Свежий ветер трепал легкое, жалкое ее платье, иногда обтягивал ее тело, и тогда становилось видно, как ужасно она худа. Биму стало страшно от крика этой безумной, от близости тюрьмы и часовых, и он, пробормотав: «Прощайте!» — побежал вверх, побежал, не оглядываясь.
Потом он успокоился и стал ставить ногу крепко, всей ступней: печатал по-военному. Ботинки были только что из ремонта от сапожника, нога ощущала толщину и как бы даже добротность подметок — и это радовало, ибо прочность ног и обуви была нужна для длинного и трудного пути по тайге и горам. Биму было жалко и Машку, и Кока, которого он хорошо знал. Но оба погибли, и уже бесцельно было бы тратить силы души на расслабляющее чувство жалости — лучше перековать его в лезвие ненависти к тем, другим.
И, глубоко вздохнув, чтобы выправить работу сердца, заколотившегося от трудного и слишком быстрого подъема, Бим остановился и стал глядеть на море, с трех сторон охватившее полуостров Муравьева-Амурского. Ах, какое оно было легкое, голубое, зовущее, милое, милое море…
«Ничего, кроме моря, не жаль! — скрипнул зубами Бим. — Ничего совершенно… Ах, какой город!»
«Но ведь море и не только тут, — подумал он опять, уже облегченно. — И другие моря увижу».
И стал смотреть туда, где на горизонте нежнейше, тончайше таяли, лиловели далекие горы. За этими горами был Китай, и туда Бим должен был пробраться.

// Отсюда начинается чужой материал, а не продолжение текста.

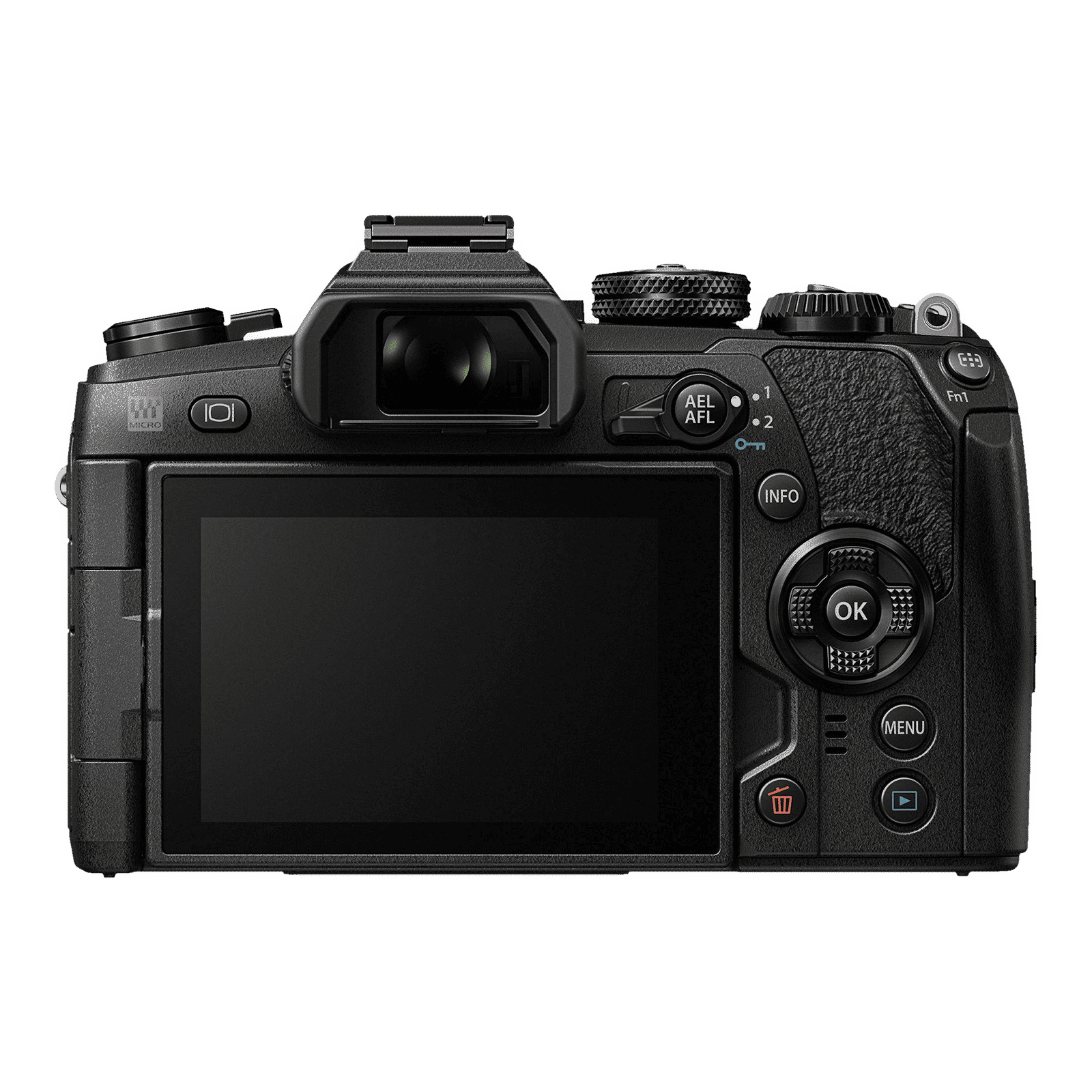 OLYMPUS OM-D E-M1 Mark II 20.4MP Mirrorless Camera (12-40 mm Lens, 17.4 x 13.0 mm Sensor, View Finder Magnification) OLYMPUS OM-D E-M1 Mark II 20.4MP Mirrorless Camera (12-40 mm Lens, 17.4 x 13.0 mm Sensor, View Finder Magnification)_5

С горы в город Бим сбежал бегом.
ЛЕНКА РЫЖАЯ. Глава из романа «Продавцы строк»[39]
I
Если бы большевики, явившись во Владивосток, не закрыли всех публичных заведений Корейской слободки, а равным образом и заведения на Бородинской, № 3, Елена Кайсарова — Ленка Рыжая — и до сих пор жила бы, вероятно, во Владивостоке, опустившись лишь, быть может, до портовых трущоб, где стрихнин, сгоряча брошенный в пиво, или кривой нож ошалевшего от кокаина супника и оборвал бы жизнь этой великолепной, розовотелой, ласковой женщины. Но большевики недели через две после того, как овладели городом, распустили обитательниц публичных домов, как в доброе старое время институты для благородных девиц распускали своих воспитанниц на рождественские, скажем, каникулы, с той только разницей, что каникулярное время приморских проституток должно было продлиться неопределенно долго.

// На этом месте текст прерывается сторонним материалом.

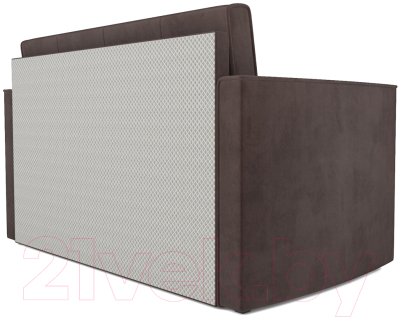 Диван Mebel-Ars Санта №2 (кордрой коричневый)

Ревком, «входя в положение эксплуатируемых женщин», даже обязал хозяек выдать девушкам «двухнедельное выходное пособие…». Но содержательницы публичных домов так и не выполнили справедливого требования высшего института краевой власти, и произошло это, главным образом, по вине самих девушек, которые постановление, направленное к их же пользе и выгоде, сочли почему-то глубоко несправедливым и от всего сердца сочувствовали своим бывшим хозяйкам, с истерическим визгом рвавшим на себе волосы.

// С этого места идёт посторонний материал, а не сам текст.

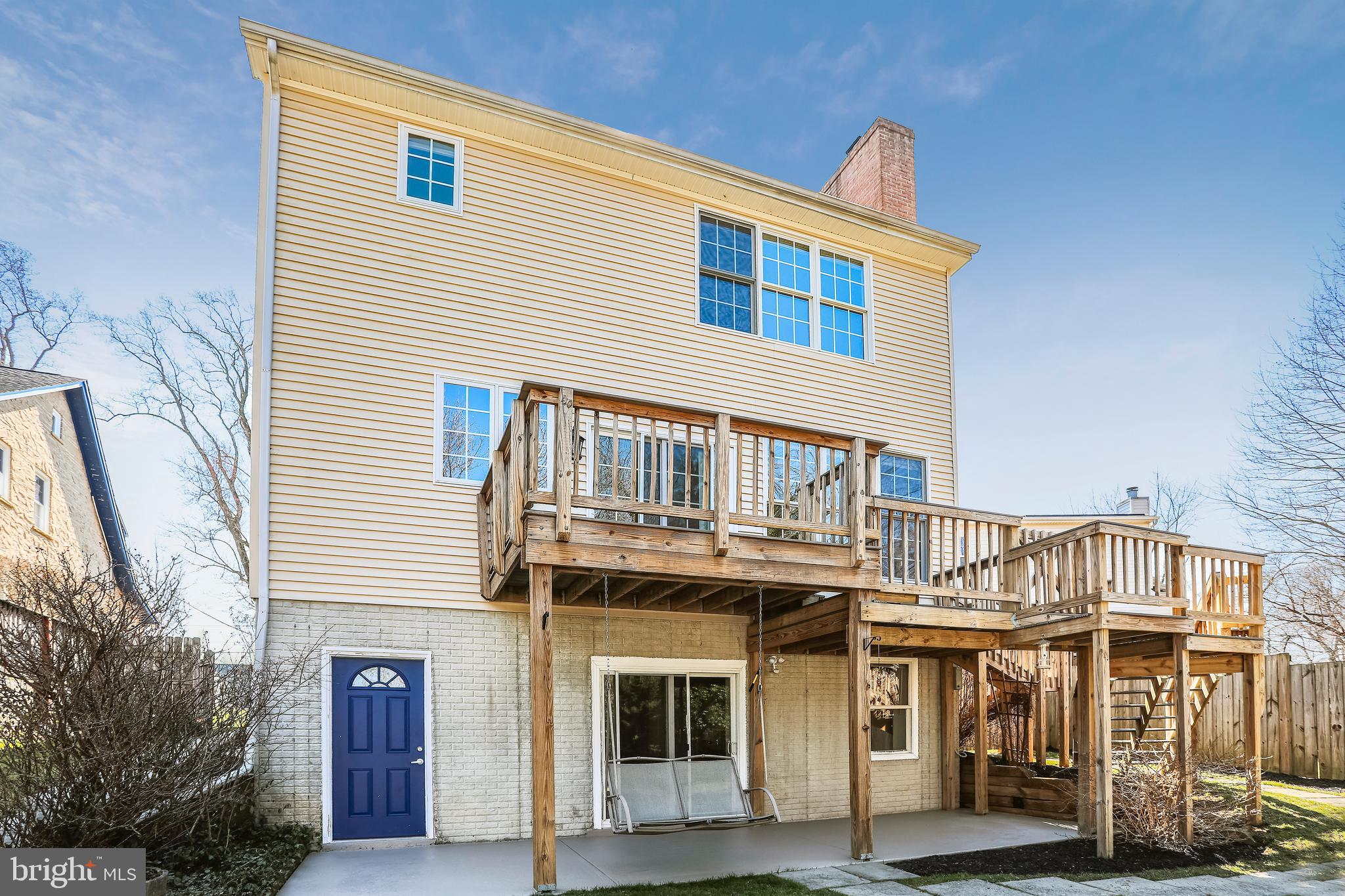 11121 Midvale Road Kensington, MD 20895 - Photo 46 of 47 Rear Exterior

Все огорчения и несправедливости, на которые девушки еще вчера жаловались посетителям, были забыты навсегда. Покидая дома, они — краса и гордость Корейской слободки — бились в рыданиях на необъятных грудях своих хозяек, обливая их кофты слезами с пылом нежных, любящих дочерей, навсегда покидающих родных матушек. А вечером на следующий день, переночевав в меблирашках на Морской улице, девушки вышли на Светланскую, чтобы продолжать свою работу теперь уже на свой собственный страх и риск.